With this configuration, graphite-clickhouse issuing following queries:

SELECT
    regexp,
    function,
    age,
    precision,
    is_default
FROM system.graphite_retentions
ARRAY JOIN Tables AS table
WHERE (table.database = 'graphite') AND (table.table = 'data_local')
ORDER BY
    is_default ASC,
    priority ASC,
    regexp ASC,
    age ASC
FORMAT JSON

Query id: 82e5d1c5-2178-473b-bfab-ffe6c5eae3e6

{
        "meta":
        [
                {
                        "name": "regexp",
                        "type": "String"
                },
                {
                        "name": "function",
                        "type": "String"
                },
                {
                        "name": "age",
                        "type": "UInt64"
                },
                {
                        "name": "precision",
                        "type": "UInt64"
                },
                {
                        "name": "is_default",
                        "type": "UInt8"
                }
        ],

        "data":
        [
                {
                        "regexp": "",
                        "function": "any",
                        "age": "0",
                        "precision": "60",
                        "is_default": 1
                }

        ],

        "rows": 1,

        "statistics":
        {
                "elapsed": 0.000710489,
                "rows_read": 1,
                "bytes_read": 116
        }
}

1 rows in set. Elapsed: 0.023 sec.

Now, related to https://clickhouse.com/docs/en/engines/table-engines/mergetree-family/graphitemergetree/#rollup-configuration

age – The minimum age of the data in seconds. precision– How precisely to define the age of the data in seconds. Should be a divisor for 86400 (seconds in a day). function – The name of the aggregating function to apply to data whose age falls within the range [age, age + precision]. Accepted functions: min / max / any / avg. The average is calculated imprecisely, like the average of the averages.

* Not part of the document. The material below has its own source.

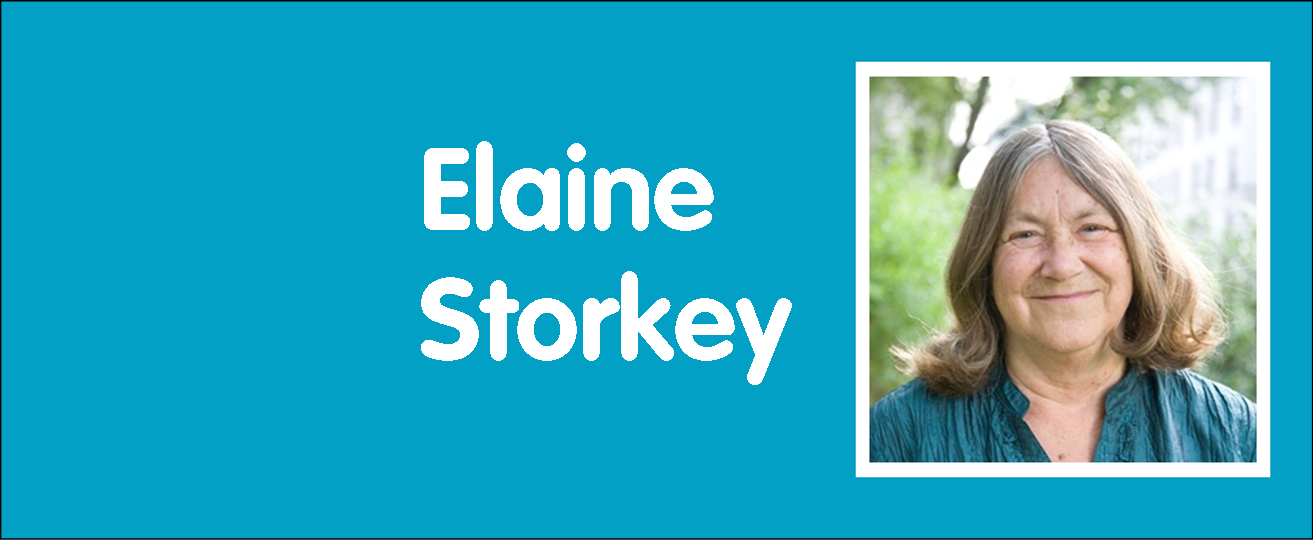 Elaine Storkey is Visiting...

age defining minumum age of data, in my case it's 0 which means "all data" precision - i'd like to keep one value for each 60s function - i use any

purpose of this config - keep only 1 value for each minute, if more that 1 value received within a 60s interval, and keep this data with 1-minute resolution without re-sampling (rollup).

Just in case, CH version: 21.8.12.29 graphite-clickhouse: 0.13.2

table's schema

CREATE TABLE graphite.data_local
(
    `Path` String CODEC(ZSTD(16)),
    `Value` Float64 CODEC(Gorilla, ZSTD(16)),
    `Time` UInt32 CODEC(DoubleDelta),
    `Date` Date CODEC(DoubleDelta, LZ4HC(9)),
    `Timestamp` UInt32 CODEC(DoubleDelta)
)
ENGINE = ReplicatedGraphiteMergeTree('/clickhouse/tables/401246e0-d1af-4835-8012-46e0d1afa835/{shard}', '{replica}', 'graphite_rollup')
PARTITION BY toYYYYMM(Date)
PRIMARY KEY (Path, round(Time, -5))
ORDER BY (Path, round(Time, -5), Time)
SETTINGS index_granularity = 8192

Maybe i missing something or misunderstanding the documentation? I'd be grateful for any hint :)

PhantomPhreak avatar Jan 14 '22 11:01 PhantomPhreak

Ok, sorry for my previous comment, I haven't slept enough today and got the issue differently, because you have a distributed table graphite.data, but the table in graphite_rollup is graphite.data_local.

So, the case is legal, although it would very significantly change the default behavior, and would be unexpected for the most of users. Currently even is old metrics are in index, they aren't listed in a metrics list https://github.com/go-graphite/graphite-clickhouse/issues/83

It's possible to add a setting and fill-up missing metrics, though.

Since the project doesn't have an active maintainer currently, it makes sense to consider a PR. We can discuss it in https://t.me/ru_go_graphite :wink:

Felixoid avatar Jan 14 '22 16:01 Felixoid

No problems, i haven't sleep enough as well and thought i was missing something :sweat_smile: Yeah, for backward compatibility this logic can be added by additional setting

PhantomPhreak avatar Jan 17 '22 15:01 PhantomPhreak